Most of the phobias seen by psychiatrists are not simple phobias. They are either agoraphobia or social phobia. These start in adult life, are not constant (they are worse in times of stress), and can be quite disabling. Agoraphobia is not fear of open spaces as many think, but of crowds and crowded places. It comes from the Greek word Agoros for market place, not the Latin word Ager for field. Agoraphobia affects women much more and is associated with panic attacks and often leads to staying in and avoiding crowds. It is this ‘avoidance’ that makes the disorder continues. Panic attacks are awful (racing heart, sweating, a dry mouth, and conviction that one is going to faint, wet oneself, or even die). It is no surprise that people exit the situation as fast as possible and avoid it. The pity is that if they stayed they would soon realize that panic is very short-lived (a matter of minutes, not hours) and fades on its own.

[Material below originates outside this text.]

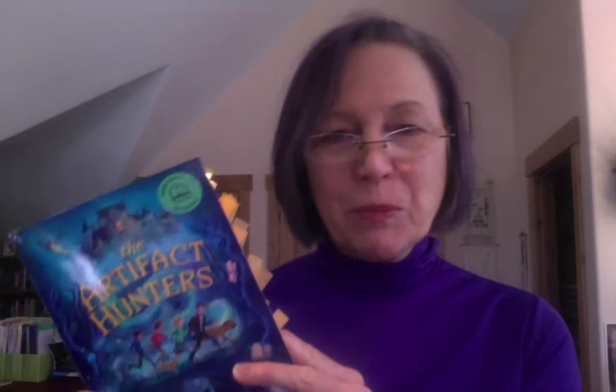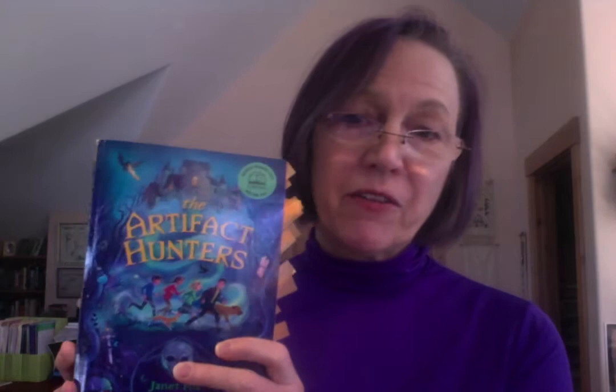Kind of cool. I used that in this book as an artifact, which is something that is old and maybe important in its time. And in this case, all the artifacts in my story have magical abilities. The Artifact Hunters is based on this Death's Head Watch, which my main character discovers has a real power.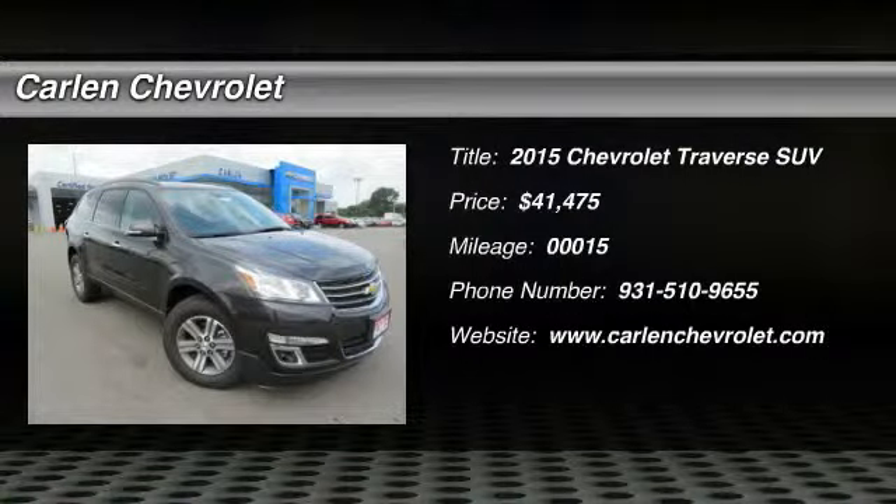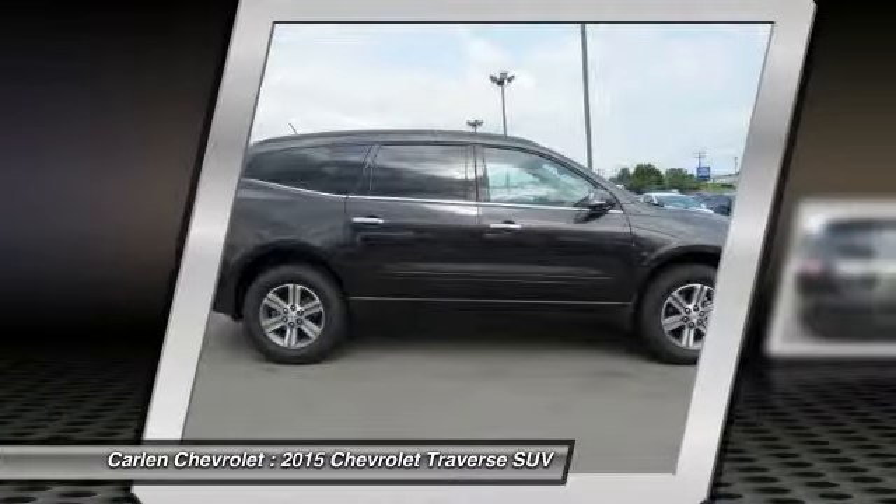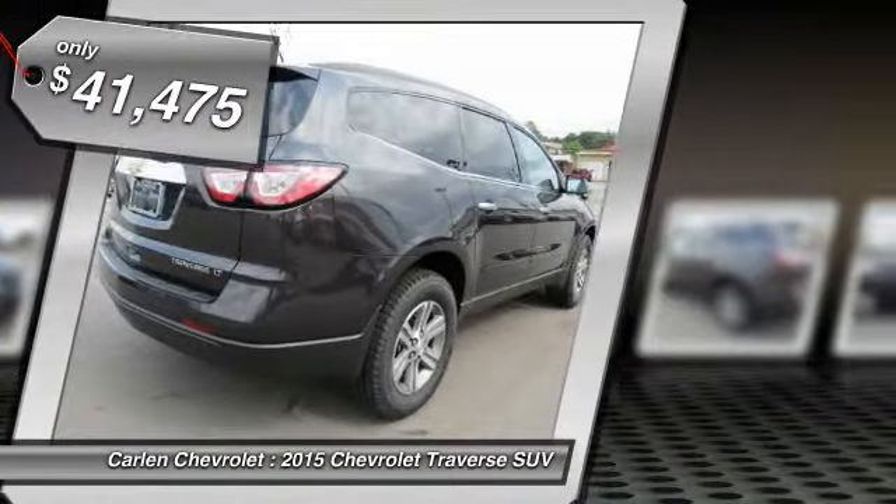The 2015 Traverse. Chevy Traverse is more stylish than minivans and far more fuel and space efficient than truck-based SUVs. Crossovers like the Traverse are excellent family vehicles and is priced below $45,000.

However when we rush off and the panic stops we become convinced that it was the getting away that stopped it and we don’t learn that we can ride out the panic. The memory of the last panic starts to get us anxious as we approach the situation again and this ‘fear of the fear’ increases the likelihood of another attack.
Treatment is usually based on behavior therapy, teaching the person how to stay with a panic attack and thereby reduce it. It is usually a bit more complicated than with simple phobias. Social phobia is an exaggerated anxiety on meeting people. There is some real controversy about whether this is a legitimate diagnosis or simply severe shyness, and particularly whether it should be treated with drugs. In social phobia the problem is usually one of avoidance rather than panic and the treatment involves counseling to help develop techniques for dealing with social situations.
Obsessive compulsive disorder
Most of us have experienced obsessional behavior as children – avoiding the cracks in the pavement to avoid catastrophic consequences is the commonest. Sportsmen and actors are notorious for such rituals – the tennis player who has to bounce the ball three times before serving, the leading lady who cannot play without something green in her costume. These superstitious behaviors’ have much in common with obsessive compulsive disorder (OCD). In this disorder the patient has to repeat activities or thoughts (classically hand washing or checking and counting rituals) a set number of times or in a set order to ward off anxiety or feared consequences. In the obsessional form (where there are often no external rituals) the problem is repetitive thoughts, often about awful outcomes (contamination with dirt or germs, or a fear of shouting out something blasphemous or offensive). The hallmark of OCD is that the thoughts or actions are repeated, resisted, and distressing. It isn’t a harmless superstition or quirk but can dominate and ruin lives. Compulsive cleaners, for instance, end up exhausted because they are never finished cleaning over and over again.
Obsessional ruminators can’t hold down a job because they are distracted with repeating their thoughts or counting and may wear out their partners as they seek constant reassurance about their worries.
OCD tends to be associated with specific personality traits – neat, tidy, conscientious. Most of us recognize obsessional features in ourselves and yet the full disorder seems so bizarre. Indeed, sufferers are often slow to seek help because they consider it so strange and incomprehensible – they are embarrassed by it. It has been subject to psychological over-interpretation and only recently have effective treatments been developed (behavior therapy and antidepressants in milder cases).